(Beginning of GIVEN DATA)

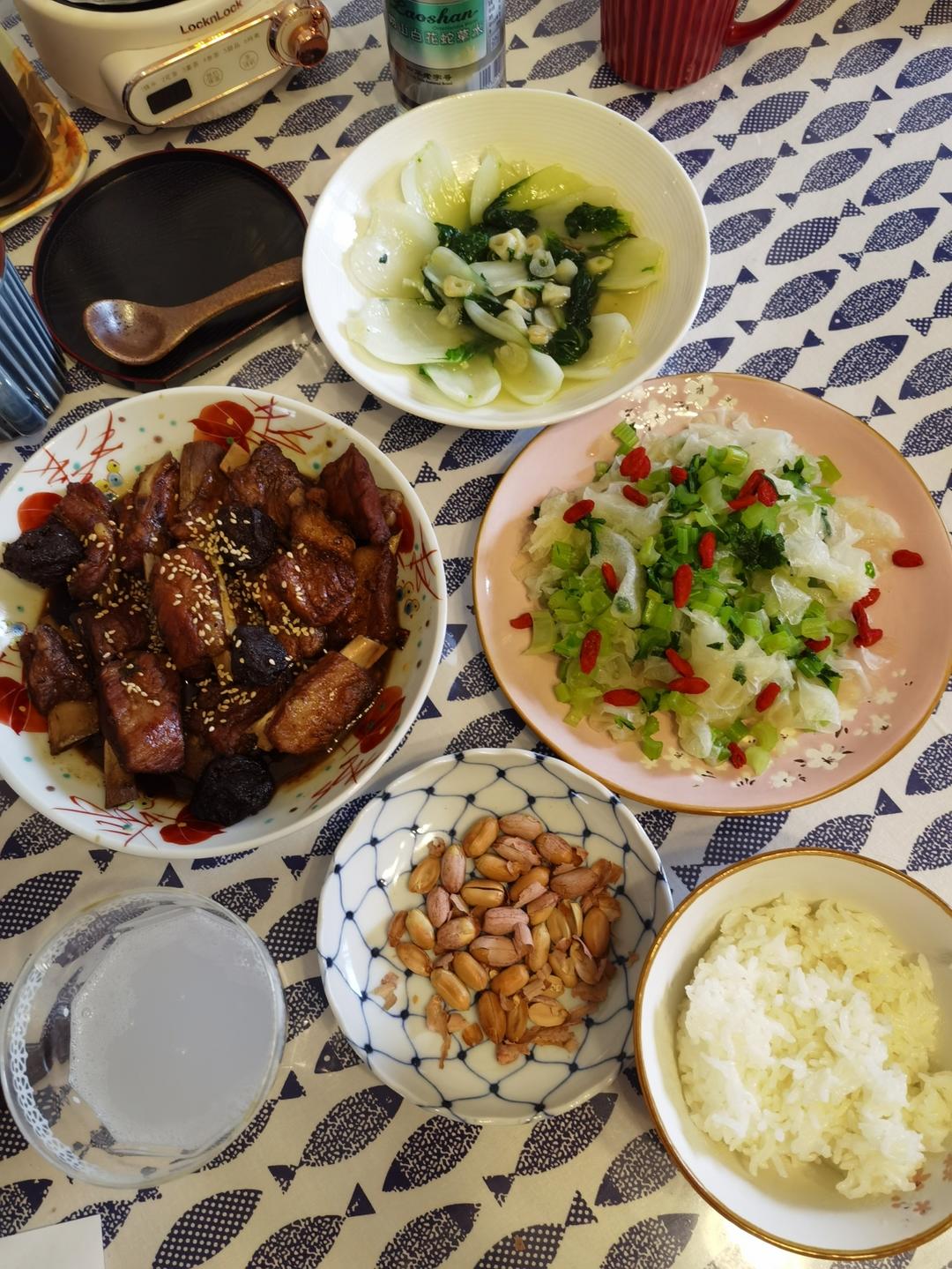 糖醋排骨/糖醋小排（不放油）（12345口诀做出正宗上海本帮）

(End of GIVEN DATA)
(Beginning of GIVEN DATA)

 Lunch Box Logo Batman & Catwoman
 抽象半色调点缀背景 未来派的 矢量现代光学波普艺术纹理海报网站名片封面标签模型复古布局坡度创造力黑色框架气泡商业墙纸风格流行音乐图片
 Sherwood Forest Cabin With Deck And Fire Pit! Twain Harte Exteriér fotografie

(End of GIVEN DATA)

Give back exactly the lines above starting at the line where "Lunch Box Logo Batman & Catwoman" appears and ending at the line where "Sherwood Forest Cabin" appears, both included, with no other lines.

 Lunch Box Logo Batman & Catwoman
 抽象半色调点缀背景 未来派的 矢量现代光学波普艺术纹理海报网站名片封面标签模型复古布局坡度创造力黑色框架气泡商业墙纸风格流行音乐图片
 Sherwood Forest Cabin With Deck And Fire Pit! Twain Harte Exteriér fotografie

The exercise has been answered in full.